He is a true cosmopolitan. Born in Bosnia, Neven Subotic started his football in Florida. After playing for Mainz he followed his coach Jürgen Klopp to Dortmund. As a defender he is known for his offensive skills.
And that man is Neven Subotic.
Dortmund's 20-year-old central defender is one of the best in the league. He was born in Bosnia and grew up in southern Germany and Florida. He's been a revelation in his first season in the Bundesliga -- at the back as well as up front.
As a defender is it special to score?
Sure. As a defender you rarely go on the attack or get a socring opportunity, or even a shot on goal. And when it does go in, it's ten times better than when a striker scores.

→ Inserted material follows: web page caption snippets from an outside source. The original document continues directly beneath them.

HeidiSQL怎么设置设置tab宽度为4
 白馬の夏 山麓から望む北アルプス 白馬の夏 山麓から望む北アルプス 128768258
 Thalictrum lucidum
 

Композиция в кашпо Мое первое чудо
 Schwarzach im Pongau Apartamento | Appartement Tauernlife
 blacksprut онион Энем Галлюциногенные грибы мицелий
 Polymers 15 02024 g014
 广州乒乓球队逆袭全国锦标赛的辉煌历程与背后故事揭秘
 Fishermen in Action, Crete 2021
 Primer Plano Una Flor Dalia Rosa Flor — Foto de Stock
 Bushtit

Why did you decide to become a defender?
I didn't. Most kids play every position and it was no different for me. I was a striker. I even played in goal once. But then when things became more serious, my coaches told me to play in defence because of my size. It was easier for me to win headers.
You've scored five goals - as many as striker Alexander Frei. How come?
It's down to luck. I'm not the strongest header of the ball in the league. There are many others who are bigger and can jump higher than me. So far it's been more about the set up, and I've been lucky that the ball dropped on MY head.
You once said that scoring headers is about willpower. What did you mean?
There are lots of players who jump but don't really want the ball. It's like when the ball's on the ground and a player doesn't really want it. It's because they're afraid that the pressure is on them to score. And then they miss, because they lack the quality. And with me, I basically throw myself in there. If I miss, then I miss, but at least I've taken on the header.
What do you think makes a modern defender?
I think you first have to establish what the old defenders are, the ones who aren't considered modern. They used to mark specific players. They were given a man to mark and they followed that player everywhere, making sure they didn't get the ball. Nowadays the game is a bit more sophisticated. And that requires the players to think a lot more about the game.
You don't always track players, you sometimes have to close down space...and that's a lot different to 10, 15, 20 years ago. I think the biggest change has been that central defenders are now part of the play. They get involved, they hit long balls and start attacks.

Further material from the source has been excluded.